Retro Coin Op Synopsis
Most video games offer an escape from reality: Be a space commander, a Medieval knight, a karate champ! So what was the deal with Paperboy? What kid wants to spend a hard-earned quarter to do what he or she got paid to do every morning (usually hating every minute of it)? Ah, but this was no ordinary paper route, and this was no ordinary paperboy…
In one sense, this game may as well have been called Paperboy’s Revenge. Rolled-up newspapers made handy projectile weapons, and Paperboy actually rewarded you for misusing them. As our heroic paperboy rode down the street on his finely-tuned bike, he passed the houses of newspaper subscribers and non-subscribers alike. If he wanted to keep his job, he made sure to toss papers safely onto the doormats or into the mailboxes of subscribers, but everything and everyone else was fair game.

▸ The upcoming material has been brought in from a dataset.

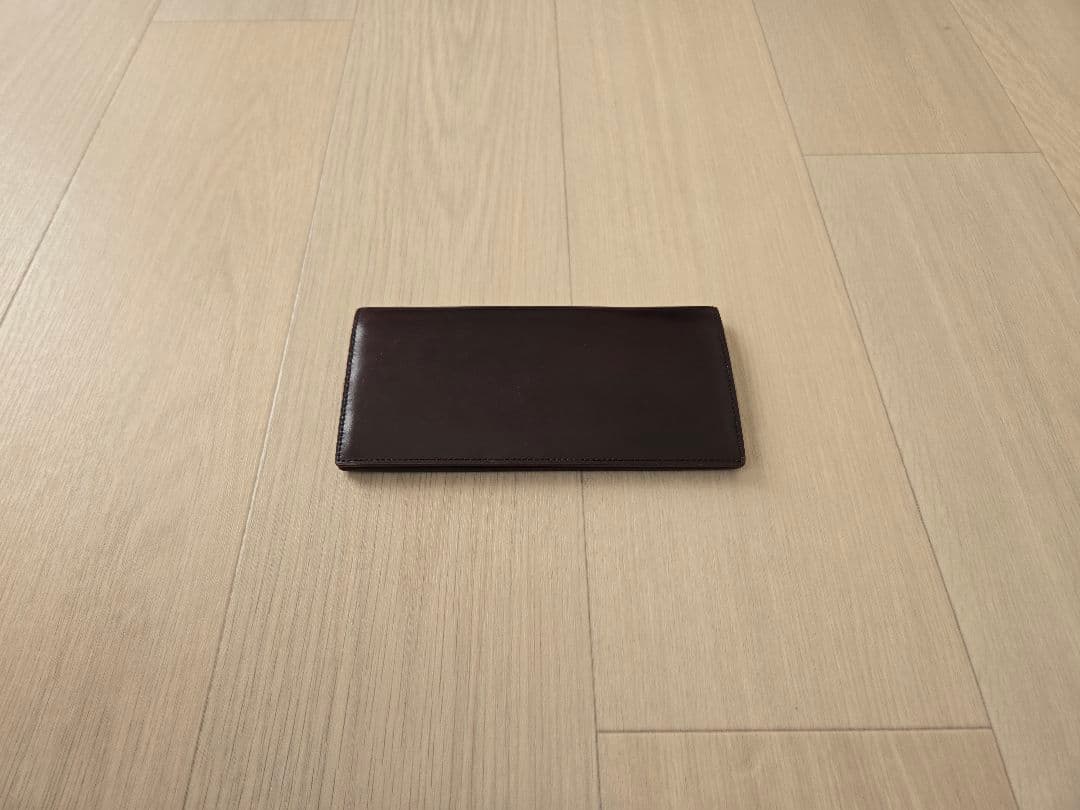 GANZO 小銭入れ付き長財布 伊勢丹別注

The biggest targets were non-subscriber homes, which were conveniently painted in drab grays and blacks. The game awarded bonus points for breaking windows in these homes, as well as knocking over their front yard tombstones (don’t ask). Sometimes, the non-subscribers would even sign up for future service (possibly just to keep that little punk from breaking all their stuff). But you had to pick your targets carefully… If you knocked out a window in a subscriber’s home, they’d cancel delivery, and soon our little paperboy would be out of a job.
There were plenty of other people and objects to throw at as well—cars, kids on bikes and Big Wheels, brawling men, trash cans, even the Grim Reaper himself—but many of these struck back. The paperboy’s route also took him across a busy intersection, where danger traveled well above the residential speed limit. Newspaper supplies were also limited, so Paperboy had to keep an eye out for extra bundles sitting at the side of the road.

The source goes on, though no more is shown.